Kask ma pewno należy do elementów, które po użyciu należy wymienić na nowe, ponieważ pianka w środku, chroniąc głowę, ulega zniszczeniu. Kask należy się wymienić i należy się tobie całkowity zwrot wartości.
W tym ostatnim słowie jest niestety ukryty diabeł. Wartości to nie znaczy ceny nowego.
Jeśli tarłeś tyłkiem po asfalcie to znaczy, że motocykl też (manetka, podnóżek, osłony, lusterko). Nawet jeśli technicznie jest sprawny to przetarte elementy masz prawo wymienić. Możesz zażądać kosztorysu i wypłaty odszkodowania. Nie musisz jednak tych elementów wymieniać. Może z tej kasy będziesz miał dodatkowy grosz na nowe ciuszki, bo za stare na pewno nie dostaniesz 100% ceny sklepowej.
Zawsze jak będziesz niezadowolony z odszkodowania możesz napisać odwołanie. W zależności od firmy droga odwoławcza może być jedno lub więcej etapowa. Po wyczerpaniu tej drogi możesz szukać sprawiedliwości = podniesienia wartości odszkodowania w sądzie. Ale to się opłaca przy większych odszkodowaniach.
<a href="http://a-glass.pl">BMW F650 ST</a>
Avatar użytkownika
Grubas
VIP Ścigacz.pl
 
Posty: 908
Dołączył(a): 6/10/2006, 14:13
Lokalizacja: Poznań


Postprzez Terror » 1/6/2007, 08:57

Walcz, żeby wymienili Ci kask.
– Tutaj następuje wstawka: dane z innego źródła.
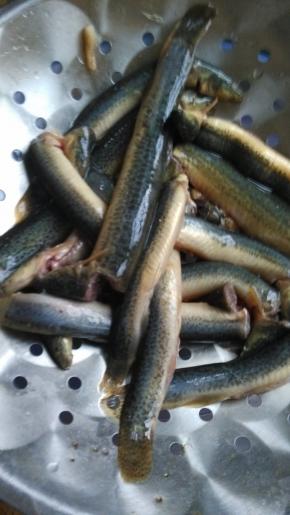 将泥鳅洗净，解剖好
Jak npaisał Grubas - kask jest jednorazowego użytku, głębokie rysy powinny dyskwalifikować cały kask.
No hope. no cure. No problem.
Avatar użytkownika
Terror
Administrator
 
Posty: 1466
Dołączył(a): 25/8/2005, 11:06
Lokalizacja: WW-WWa

Postprzez cezare » 4/6/2007, 17:49

jeżeli mogę Ci coś doradzić - ja zawszę tak robię z puszkami ( 2 x mi ktoś wjechał ), oddaję do autoryzowanego dealera - gdzie mają rzeczoznawców znajomych, czyli - ja nie martwię się o zwrot kasy - wszystko robie bezgotówkowo.. i niech sobie naciągają ile chcą i zdzierają ile chcą ... nie mam problemu. a jeszcze puchę zastępczą biorę. i lakier mam dobrany OPLA bo do Opla i położony przez OPLA itp. - warto

Cez.

czasami kiedy sam idziesz likwidować szkodę - zrobią z Ciebie durnia i to jeszcze w świetle prawa całkiem legalnie. Jak oddajesz ze świadomością że nie chcesz na tym zarabiać gdzisz się żeby sobie ponaciągali - ja zawsze jestem zadowolony i np dostanę kołpak, którego nei miałem czy lusterko, które mi skradziono.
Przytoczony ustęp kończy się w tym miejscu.